> **Task prompt**: In this exercise, the entries below include pictures. Repeat exactly the lines from the line with "Bestway 5611R-7 Set" to the line with "捷科套筒汽修工具棘轮扳手工具", including both, but without the pictures.

> **Material supplied**:
++++

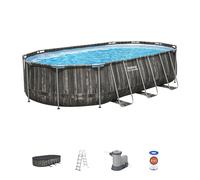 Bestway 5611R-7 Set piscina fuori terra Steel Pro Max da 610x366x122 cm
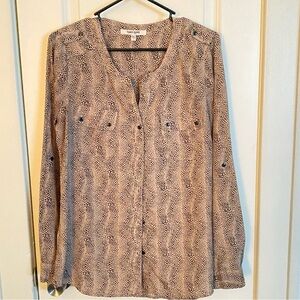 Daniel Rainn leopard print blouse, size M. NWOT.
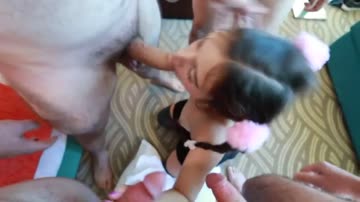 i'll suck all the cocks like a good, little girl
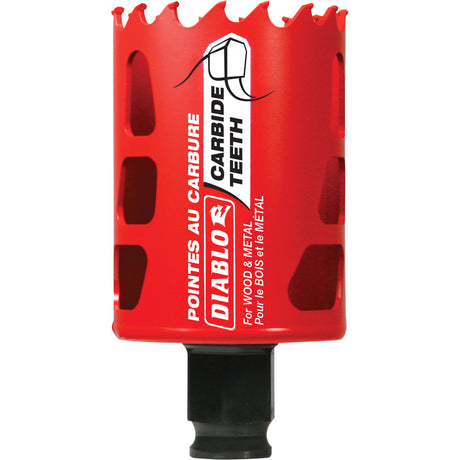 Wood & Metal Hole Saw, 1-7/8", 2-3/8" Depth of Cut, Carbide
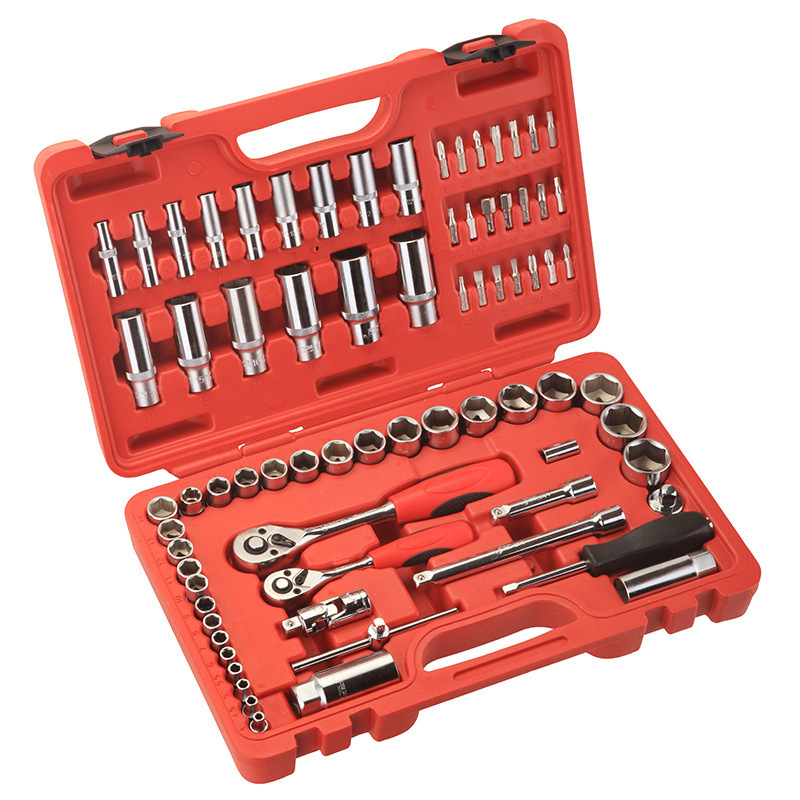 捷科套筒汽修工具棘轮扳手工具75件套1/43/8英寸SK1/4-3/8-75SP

++++

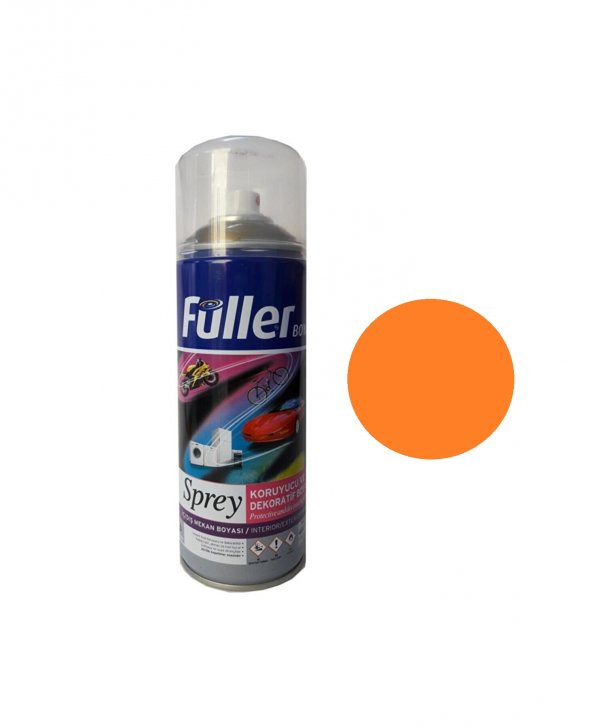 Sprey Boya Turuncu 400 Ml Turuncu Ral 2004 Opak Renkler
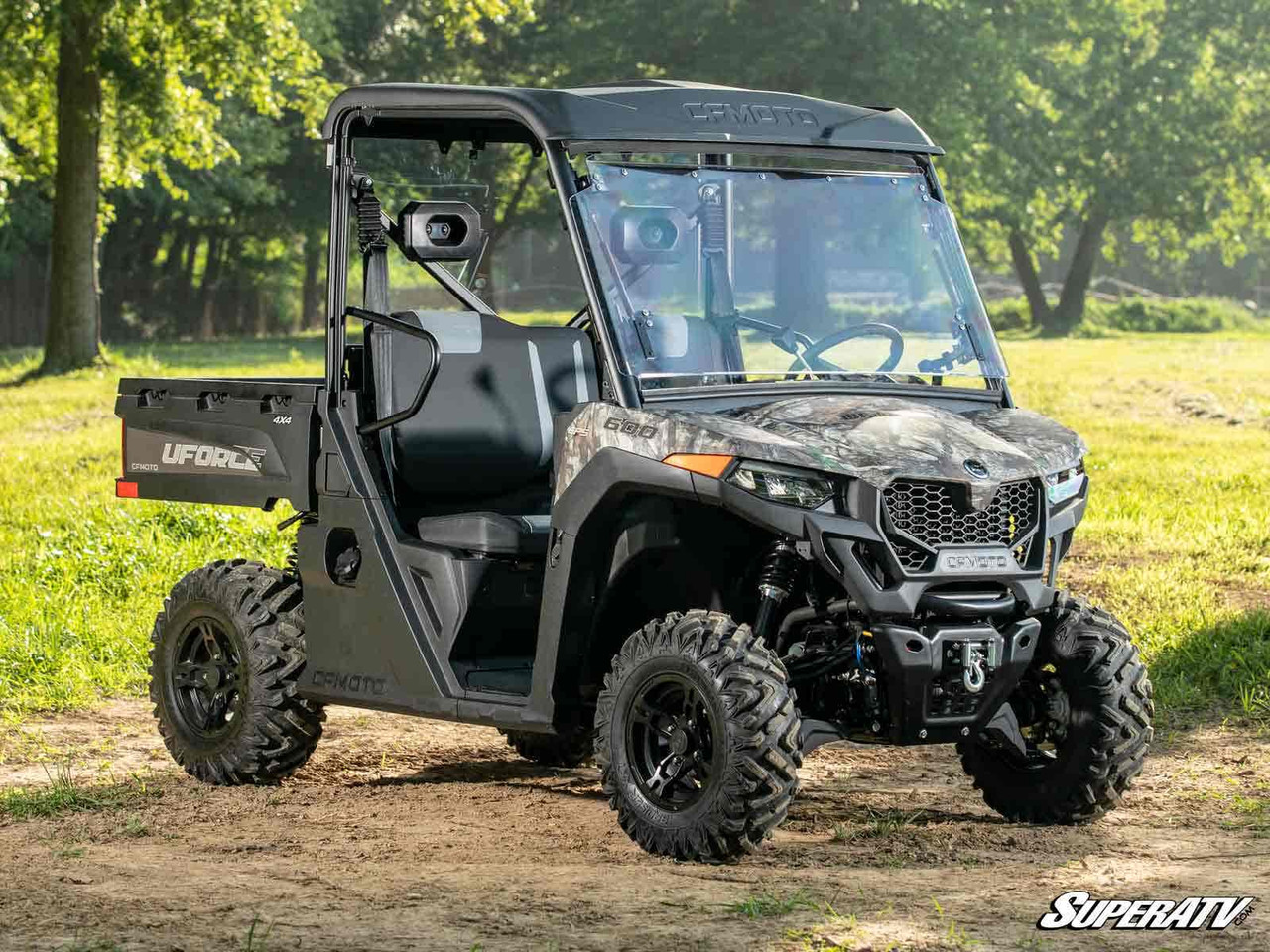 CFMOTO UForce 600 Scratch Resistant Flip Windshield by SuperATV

++++

> **Your response**:
 Bestway 5611R-7 Set piscina fuori terra Steel Pro Max da 610x366x122 cm
 Daniel Rainn leopard print blouse, size M. NWOT.
 i'll suck all the cocks like a good, little girl
 Wood & Metal Hole Saw, 1-7/8", 2-3/8" Depth of Cut, Carbide
 捷科套筒汽修工具棘轮扳手工具75件套1/43/8英寸SK1/4-3/8-75SP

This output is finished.